Namun demikian, menjadikan peran keluarga sebagai penopang ekonomi bangsa adalah sesuatu yang jauh panggang dari api, jauh dari akar masalah. Logikanya terbalik, kenapa? Karena keluarga adalah institusi terkecil dalam sebuah negara sehingga ia tidak akan mampu mendorong perubahan sebesar pemerintah. Semestinya, yang menjadi tumpuan adalah pemerintah, sebab ia adalah institusi terbesar dan suprastruktur dalam sebuah negara yang bertugas menyelesaikan serta mengurusi seluruh urusan rakyatnya.

Jika ditilik lebih mendalam lagi, dari persoalan stunting dan gizi ibu hamil saja, bukankah faktor terbesarnya adalah persoalan ekonomi (baca: kemiskinan)?
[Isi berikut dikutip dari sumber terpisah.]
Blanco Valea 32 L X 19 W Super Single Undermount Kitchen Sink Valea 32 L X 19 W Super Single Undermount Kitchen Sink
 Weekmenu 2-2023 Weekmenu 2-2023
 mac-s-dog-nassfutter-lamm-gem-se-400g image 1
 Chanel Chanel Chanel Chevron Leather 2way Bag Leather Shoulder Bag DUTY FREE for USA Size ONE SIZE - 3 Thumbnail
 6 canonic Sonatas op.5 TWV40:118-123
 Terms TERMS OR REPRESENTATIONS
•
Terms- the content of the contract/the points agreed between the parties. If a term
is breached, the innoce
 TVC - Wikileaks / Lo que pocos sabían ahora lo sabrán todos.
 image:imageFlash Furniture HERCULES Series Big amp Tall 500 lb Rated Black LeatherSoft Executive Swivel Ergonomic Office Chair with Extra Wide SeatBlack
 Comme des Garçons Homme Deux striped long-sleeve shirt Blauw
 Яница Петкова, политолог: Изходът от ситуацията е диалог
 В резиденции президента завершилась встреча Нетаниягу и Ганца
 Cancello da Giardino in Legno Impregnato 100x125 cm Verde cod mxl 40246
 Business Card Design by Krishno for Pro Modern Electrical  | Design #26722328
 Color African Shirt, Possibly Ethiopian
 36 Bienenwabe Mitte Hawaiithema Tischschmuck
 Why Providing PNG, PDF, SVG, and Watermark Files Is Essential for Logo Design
Alih-alih menghadirkan makanan bergizi seimbang, untuk bisa makan kenyang saja masih banyak keluarga kesulitan. Pendapatan keluarga yang pas-pasan di tengah harga kebutuhan hidup yang terus menjulang membuat persoalan stunting tidak kunjung usai.

Andai saja persoalan stunting ini – oleh pemerintah, diurus melalui kekuasaan dan dengan menetapkan kebijakan yang dapat menyejahterakan rakyat. Misalnya dengan menjamin seluruh kebutuhan pokok rakyat, keluarga yang tidak mampu memenuhinya menjadi tanggungan pemerintah.

Sayangnya, di tengah kesulitan dan himpitan hidup yang luar biasa tersebut, pemerintah malah cenderung menetapkan kebijakan yang pro korporasi.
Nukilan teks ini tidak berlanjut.